Senza dubbio in questo contesto la questione sindacale assume grande importanza. Anche in questo campo assistiamo ad una forte polarizzazione degli interessi in campo, con un modello nuovo di relazioni industriali e sindacali che hanno come primario obiettivo quello di espellere il conflitto da ogni tipo di scenario. I fatti della scorsa settimana a Milano, con l’agggressione ai danni di Cremaschi da parte del servizio d’ordine della CGIL, fanno ben vedere la completa ristrutturazione del sindacato confederale sulla base dell’appoggio incondizionato a Renzi e alle volontà del grande capitale finanziario.
Se il sindacalismo conflittuale sarà in grado di proseguire il suo percorso all’insegna della ricerca della proficua relazione con i movimenti sociali, facendo sponda con questi come avvenuto nelle giornate del 18-19 ottobre e guardando verso il 12 aprile, se ne potrebbero vedere delle belle…
L’errore più grande che si potrebbe fare in questa fase sarebbe cadere in uno dei mille specchietti per allodole che il governo Renzi disseminerà durante il suo percorso.

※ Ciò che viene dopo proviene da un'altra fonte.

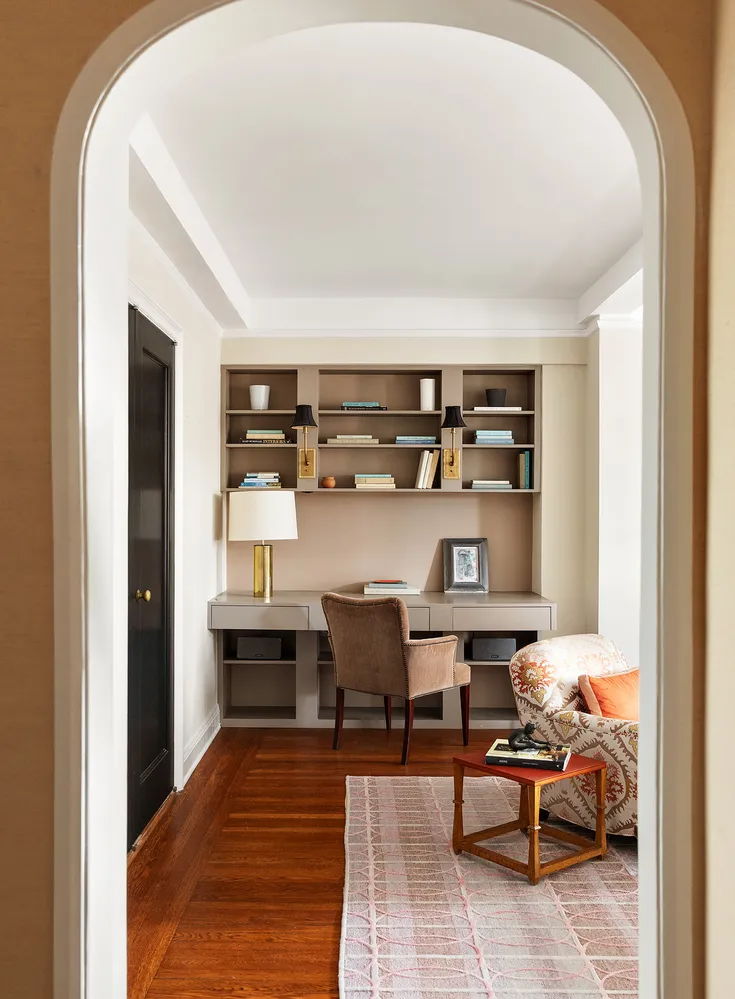 a living room with furniture and lamp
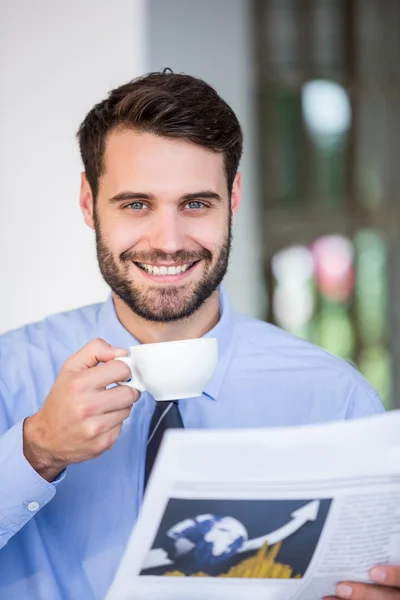 Businessman holding coffee cup and newspaper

Un’attitudine conciliante e progressista (ma sempre ai fini di riproduzione dei dispositivi di accumulazione!) sul piano dei diritti civili si accompagnerà ad un attacco fortissimo sul tema dei diritti economici e sociali.
E’ sul piano del conflitto, dell’attacco alla gestione di parte delle risorse pubbliche, della rottura dei meccanismi di governance dell’UE che si giocherà la grande sfida tra movimenti e nuova controparte; altro atteggiamento, improntato alla mediazione o ad ottenere “ciò che si riesce” non porterebbe ad altro che ad un endorsement implicito a questo governo.
Ciò sarebbe gravissimo, perché il piano della repressione del conflitto non sarà di certo assente dal governo Renzi. E’ presto per dire se gli arresti della scorsa settimana sono un benvenuto del governo ai movimenti, ma senza dubbio la pace sociale, ordinata da Bruxelles in vista dei nuovi salassi, dovrà essere contrastata da un Renzi che dall’alto dei suoi modi arroganti non sembra intenzionato a lasciare tanta voce ai suoi critici. L’approfondimento della crisi della loro legalità, accompagnato dal nostro necessario mettere enfasi sulla legittimità del conflitto e delle forme di riappropriazione di reddito che si stanno portando avanti in questo paese accompagneranno senza dubbio alcuno i prossimi anni dell’Italia commissariata.
Nel convegno appena tenutosi a Bologna, i temi della resistenza a questa fase di ristrutturazione della controparte sono stati sviscerati a partire dalla singolarità di ogni vertenza territoriale, di ogni ragionamento su una particolare istituzione della controparte, di ogni forma di resistenza al saccheggio dei territori e/o della dignità delle persone. Un filo rosso va cercato nella costruzione di una soggettività altra, che si forma nelle lotte e nell’opposizione irriducibile ad ogni tentativo di pacificazione sociale in nome di qualche briciola. Il caso dell’Expo di Milano, con le migliaia di volontari assoldati a costo quasi nullo ci mostra il ricatto impersonificato da Renzi: qualche briciola ai nuovi e vecchi poveri, in cambio di un sostegno al progetto di ricostruzione dei margini di profitti di pochi.
Non ci staremo sin dal primo giorno.